JPEG teilt ein Bild in 8×8-Pixel-Blöcke und wendet auf jeden Block eine diskrete Kosinustransformation (DCT) an. Die DCT wandelt die Pixelwerte in Frequenzkomponenten um — sie beschreibt den Block im Wesentlichen danach, wie viel niederfrequente (glatte) und hochfrequente (detaillierte) Information er enthält. Der Quantisierungsschritt rundet dann die hochfrequenten Komponenten ab, und genau dort passiert der verlustbehaftete Teil.

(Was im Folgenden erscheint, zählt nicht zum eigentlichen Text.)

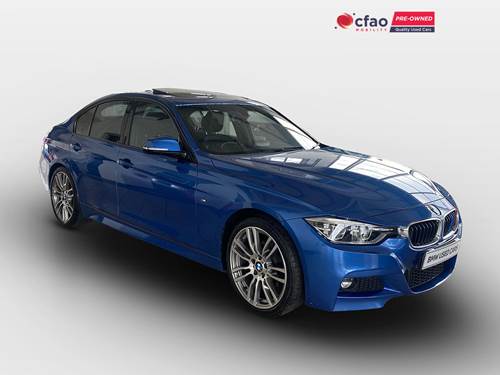 BMW 320d (F30) M-Sport Shadow Auto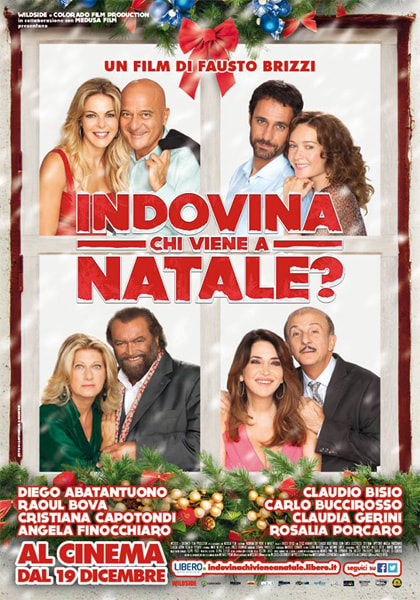 Indovina chi viene a Natale? movie poster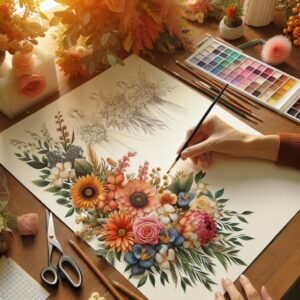 PLANIFICACIÓN DISEÑO Y DESARROLLO DEL ARTE FLORAL EN DISTINTOS TIPOS DE EVENTOS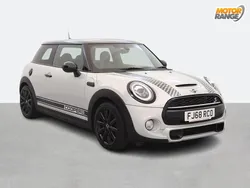 Silver Used 2018 Mini Cooper S Chili Hatchback | £13,895 (Fair price)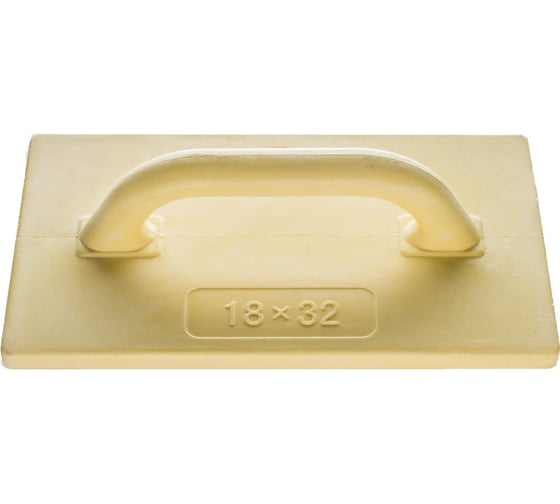 Тёрка HARDY 18x32см полиуретановая серия 36 0840-361832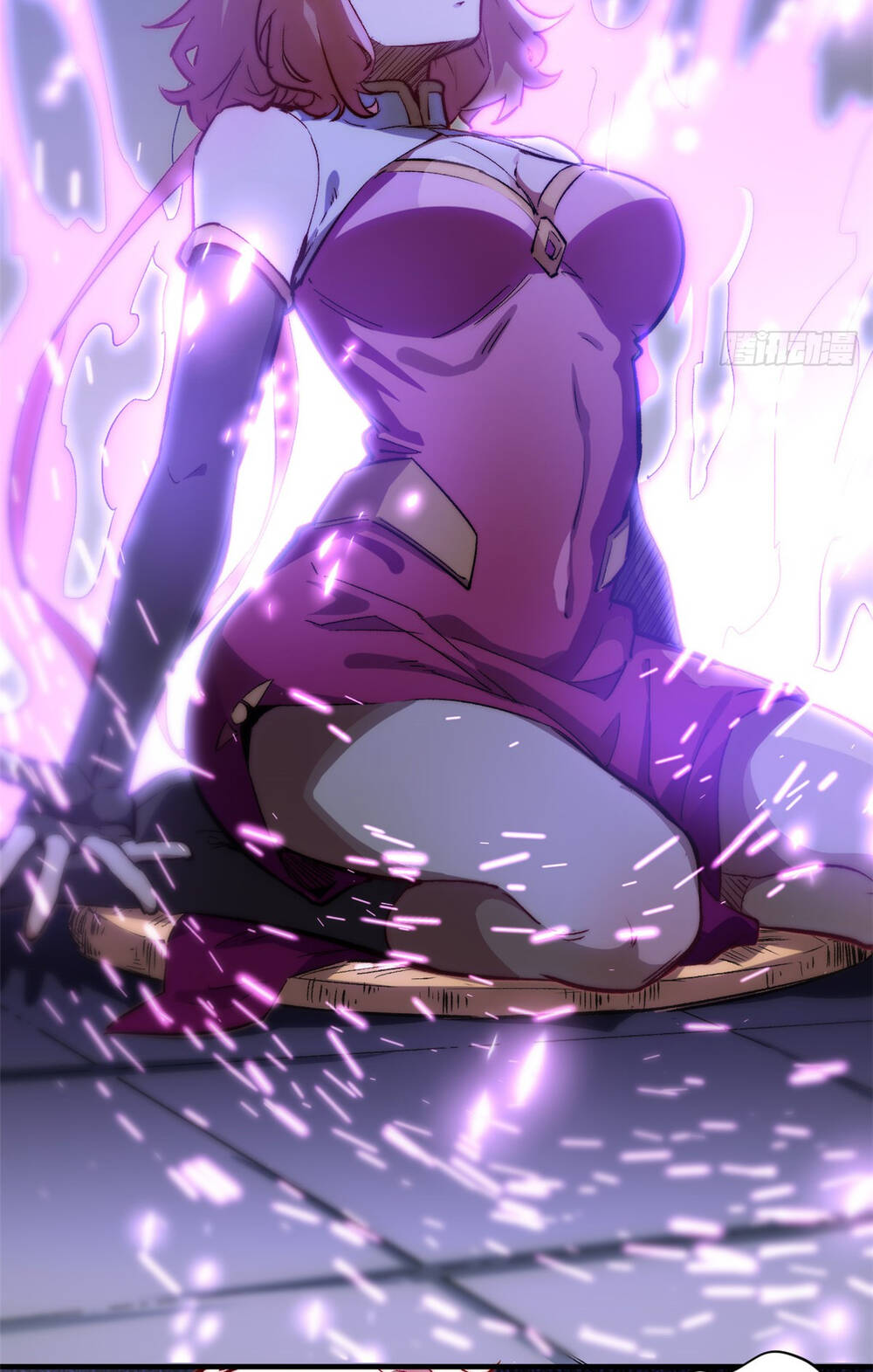 Đỉnh Cấp Khí Vận Lặng Lẽ Tu Luyện Ngàn Năm - Chapter 94 - Page 5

Der Grad der Rundung ist das, was der Qualitätsregler steuert.

Die feste 8×8-Blockgröße ist JPEGs Hauptbeschränkung. Kompressionsentscheidungen können keine Muster berücksichtigen, die eine größere Fläche überspannen, und die Blockgrenzen werden bei aggressiver Kompression als Artefakte sichtbar (der charakteristische blockige Look eines JPEGs niedriger Qualität).

Wie WebP-Kompression funktioniert

WebPs verlustbehafteter Modus basiert auf VP8, einem für Webvideo entwickelten Videocodec. Es nutzt ein Makroblock-Vorhersagemodell: vor dem Kodieren jeder Region sagt der Encoder anhand umliegender, bereits kodierter Regionen voraus, wie diese Pixel aussehen, und kodiert dann nur die Differenz (Residual). Wenn die Vorhersage genau ist, ist das Residual klein und komprimiert effizient.

VP8 nutzt auch größere Blockgrößen — bis zu 16×16 Pixel — was es ihm erlaubt, größere glatte Flächen effizienter zu modellieren und Grenzartefakte zu reduzieren. Das Ergebnis ist bessere Qualität bei gleicher Dateigröße, besonders in glatten Verlaufsbereichen wie Himmel, Hauttönen und unscharfen Hintergründen.

WebP wendet außerdem eine Entropiekodierung (arithmetische Kodierung) an, die für den finalen komprimierten Bitstrom effizienter ist als JPEGs Huffman-Kodierung. Das trägt zusätzliche Größeneinsparungen bei, unabhängig vom Vorhersagemodell.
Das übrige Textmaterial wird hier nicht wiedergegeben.